Berbeda dengan Tiwur, Ira, seorang ibu dari Cibinong, mengaku tidak mempermasalahkan perubahan jam masuk sekolah. Ia bahkan sudah terbiasa mengantar anaknya ke sekolah lebih awal. Ira mendukung kebijakan ini karena melihatnya sebagai sarana untuk melatih tanggung jawab dan disiplin anak. Namun, ia juga berpendapat bahwa PR tetap diperlukan sebagai penunjang kegiatan belajar di rumah.

Nurhayati, warga Bojonggede, menyambut baik kebijakan masuk sekolah lebih pagi karena sejalan dengan rutinitas keluarganya. Anaknya menggunakan fasilitas jemputan sekolah dan sudah terbiasa bangun pagi. Meskipun demikian, ia menolak penghapusan PR. Menurutnya, PR berfungsi sebagai penambah nilai akademik dan alat kontrol belajar anak.

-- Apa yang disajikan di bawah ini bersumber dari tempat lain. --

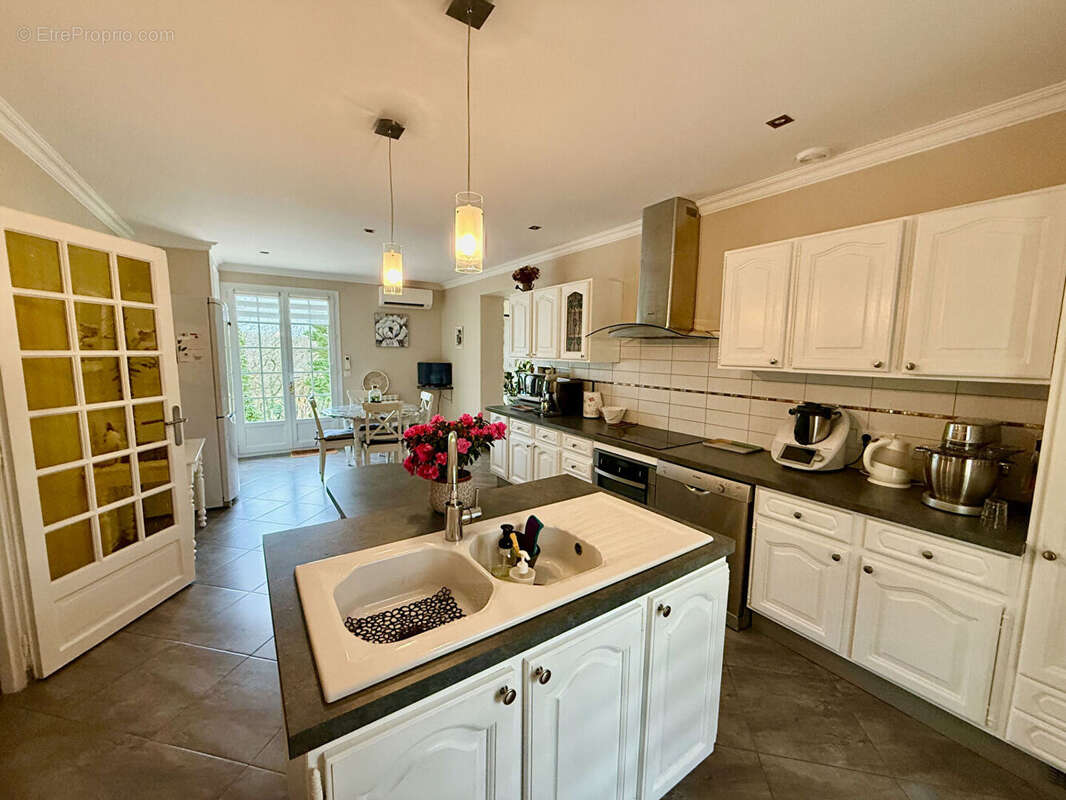 Maison à ALLEZ-ET-CAZENEUVE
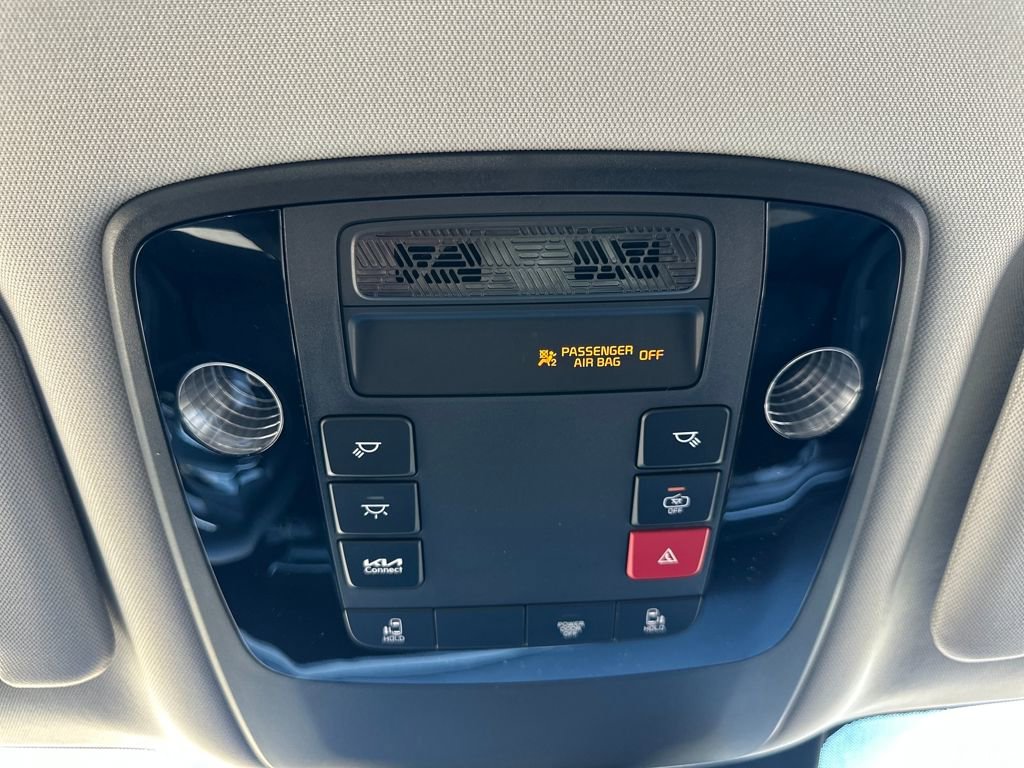 New 2026 Kia Carnival FWD image 33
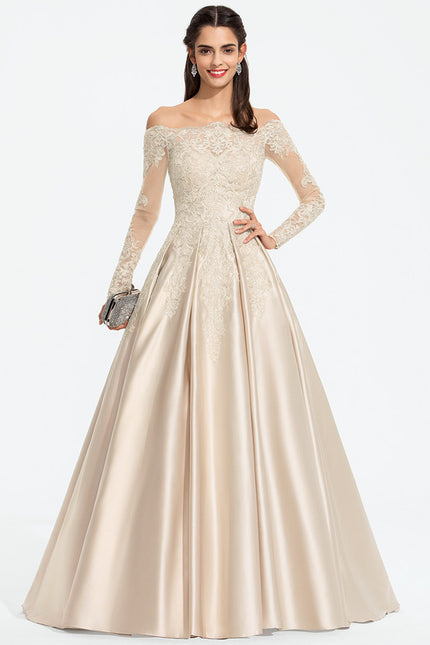 Robe Chic Nude Satin Traîne Bride - gallery 1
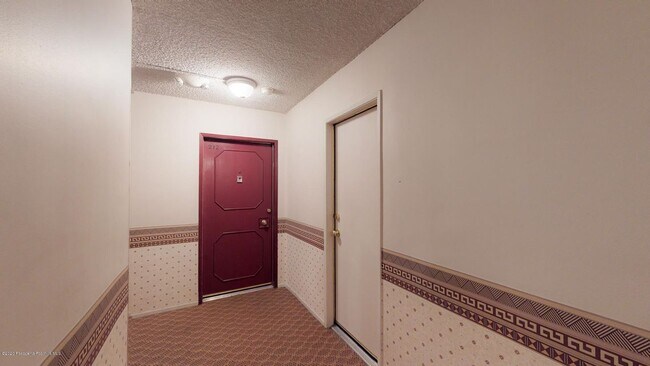 Building Photo - 1142 Campbell St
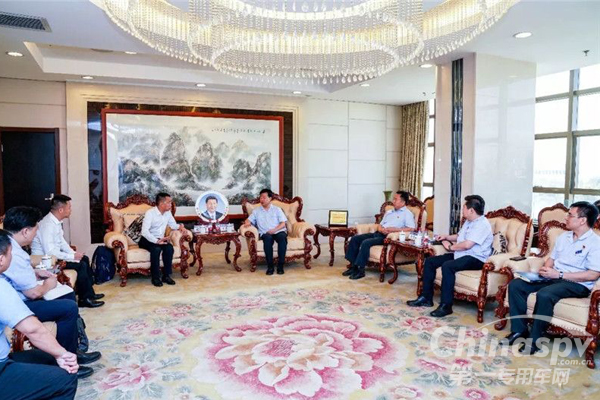 宁德时代到访陕汽 推进合作共赢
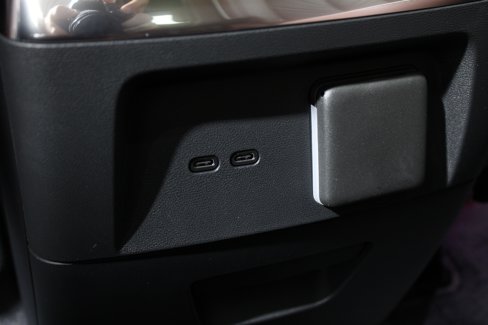 New 2026 Cadillac Vistiq Platinum image 27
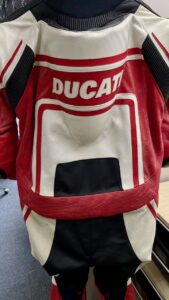 クリーニング前: Ducati（ドゥカティ）レーシングスーツのクリーニング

Ia khawatir tanpa PR, anak-anak akan lebih banyak menghabiskan waktu bermain game daripada belajar.

Beberapa poin penting yang menjadi sorotan para orang tua terkait kebijakan ini antara lain:

  • Jam Masuk Sekolah Terlalu Pagi: Kekhawatiran mengenai dampak terhadap kesehatan dan kesiapan siswa, terutama yang berdomisili jauh dari sekolah.
  • Penghapusan PR: Kekhawatiran mengenai penurunan motivasi belajar di rumah dan kurangnya pemahaman materi pelajaran.
  • Keseimbangan: Perlunya keseimbangan antara penegakan disiplin dan pemenuhan kebutuhan belajar siswa.

Secara keseluruhan, kebijakan ini masih menjadi perdebatan di kalangan orang tua. Pemerintah diharapkan dapat mempertimbangkan berbagai masukan dan melakukan evaluasi secara berkala untuk memastikan kebijakan ini benar-benar bermanfaat bagi kemajuan pendidikan anak-anak.